The Nobel Prize in Physics 2023 is awarded to Pierre Agostini, Ferenc Krausz and Anne L’Huillier, active in Sweden.
– I am very moved, says the Franco-Swedish professor at the press conference.
The Nobel Prize in Physics goes to a trio: Pierre Agostini, Ferenc Krausz and French-Swedish physicist Anne L’Huillier. They are rewarded for their experiments around flash lighting, which have led to new tools for exploring the world of electrons inside atoms and molecules.
“For experimental methods that generate attosecond pulses of light for studies of electron dynamics in matter,” writes the Nobel Assembly in a press release. An attosecond is one billionth of a billionth of a second. With an exposure time of one attosecond, one can follow the movements of electrons around an atomic nucleus.
Active at Lund University
Anne L’Huillier is French-Swedish and works at Lund University. The Nobel Prize writes on its website that in 1987 she “discovered that a large number of different harmonics of light arose when she transmitted infrared laser light through a noble gas.”

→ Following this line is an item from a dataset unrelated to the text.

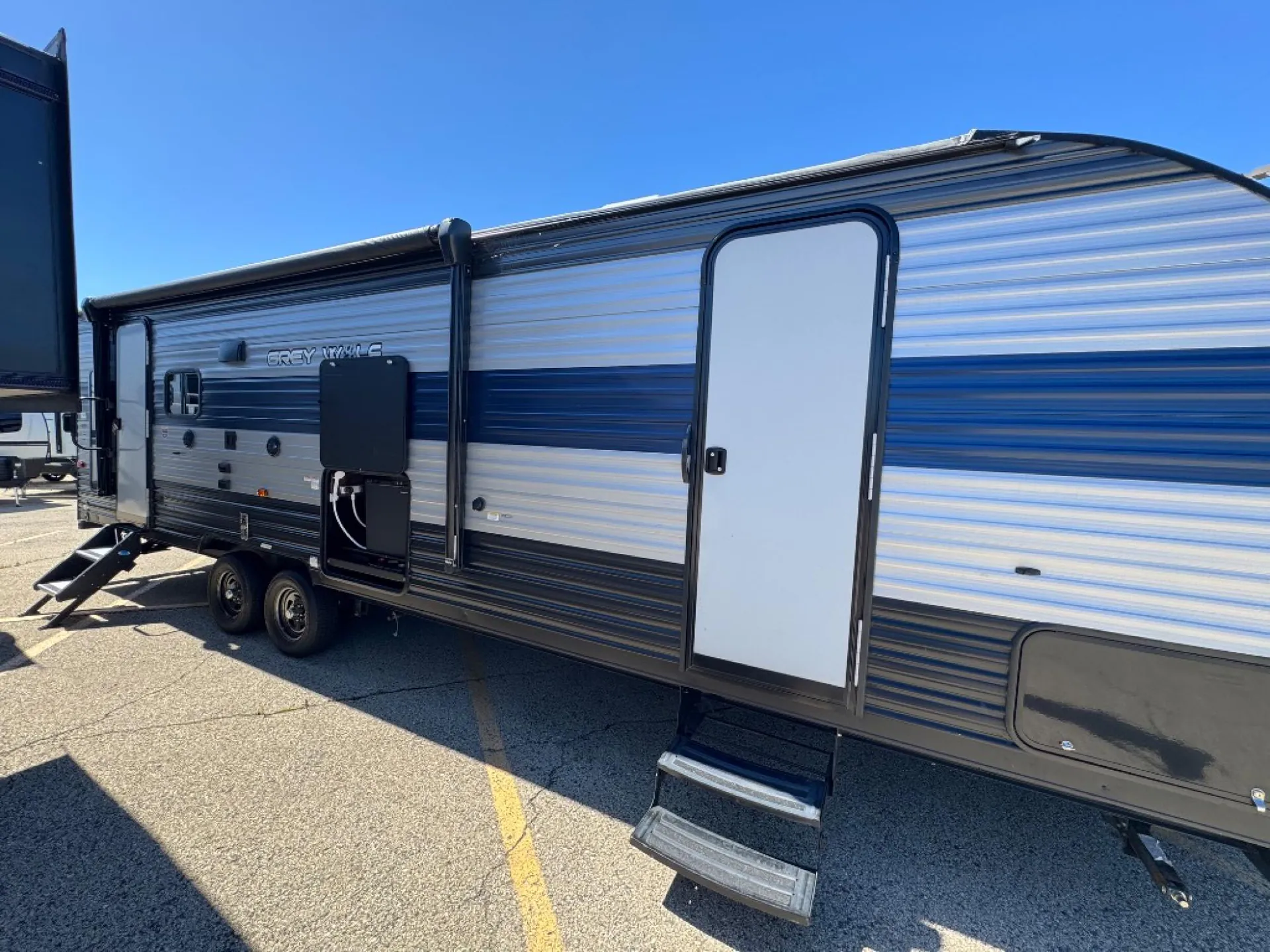 2020 Forest River Cherokee Grey Wolf 26MK dealer photo 2 from Markquart RV
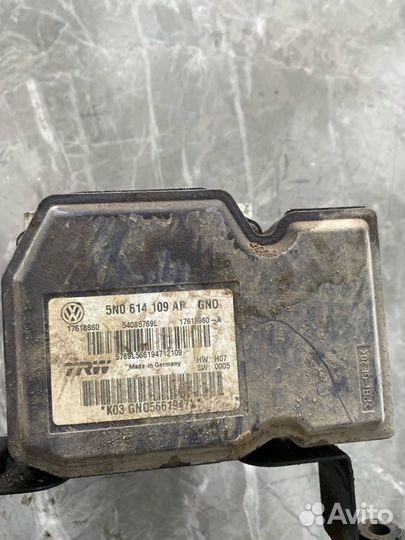 Блок ABS Volkswagen Tiguan 5N2 2.0 cawa 2012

– The award means a lot, it is the most prestigious award. Not many women have received it, so it is very special, she says during the press conference.
Pierre Agostini works at Ohio State University in the USA, while Ferenc Krausz belongs to Ludwig-Maximilians University in Germany.
In 2022, Alain Aspect, France, John Clauser, USA and Anton Zeilinger, Austria, were awarded for showing that very small particles can go their separate ways and end up very far apart, but still stay together.